*TASK STATEMENT*
Reproduce exactly, and only, the lines below from the one containing "p.5 Mid Term II Science 2024 Mcsa" through the one containing "Fortes chuvas atingiram".

Start of THE DATA

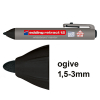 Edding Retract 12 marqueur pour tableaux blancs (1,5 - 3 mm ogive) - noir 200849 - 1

End of THE DATA
Start of THE DATA

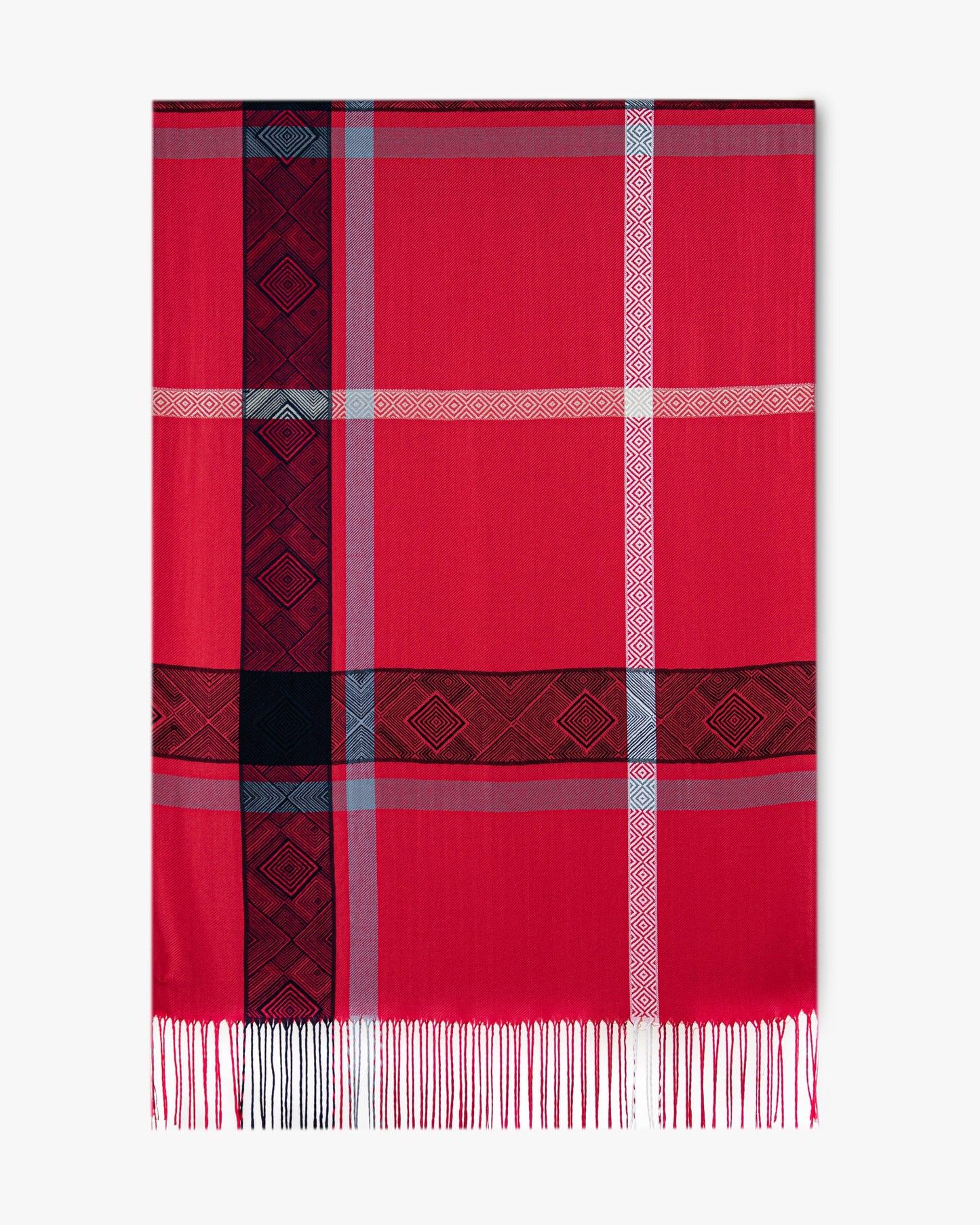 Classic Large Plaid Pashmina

End of THE DATA
Start of THE DATA

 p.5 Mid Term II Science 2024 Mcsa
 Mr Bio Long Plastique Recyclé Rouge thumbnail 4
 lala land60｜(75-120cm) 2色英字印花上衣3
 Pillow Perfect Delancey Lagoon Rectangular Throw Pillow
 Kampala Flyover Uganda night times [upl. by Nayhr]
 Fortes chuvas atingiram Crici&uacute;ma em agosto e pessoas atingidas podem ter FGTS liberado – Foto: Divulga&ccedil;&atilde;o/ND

End of THE DATA

*PROBLEM SOLUTION*
 p.5 Mid Term II Science 2024 Mcsa
 Mr Bio Long Plastique Recyclé Rouge thumbnail 4
 lala land60｜(75-120cm) 2色英字印花上衣3
 Pillow Perfect Delancey Lagoon Rectangular Throw Pillow
 Kampala Flyover Uganda night times [upl. by Nayhr]
 Fortes chuvas atingiram Crici&uacute;ma em agosto e pessoas atingidas podem ter FGTS liberado – Foto: Divulga&ccedil;&atilde;o/ND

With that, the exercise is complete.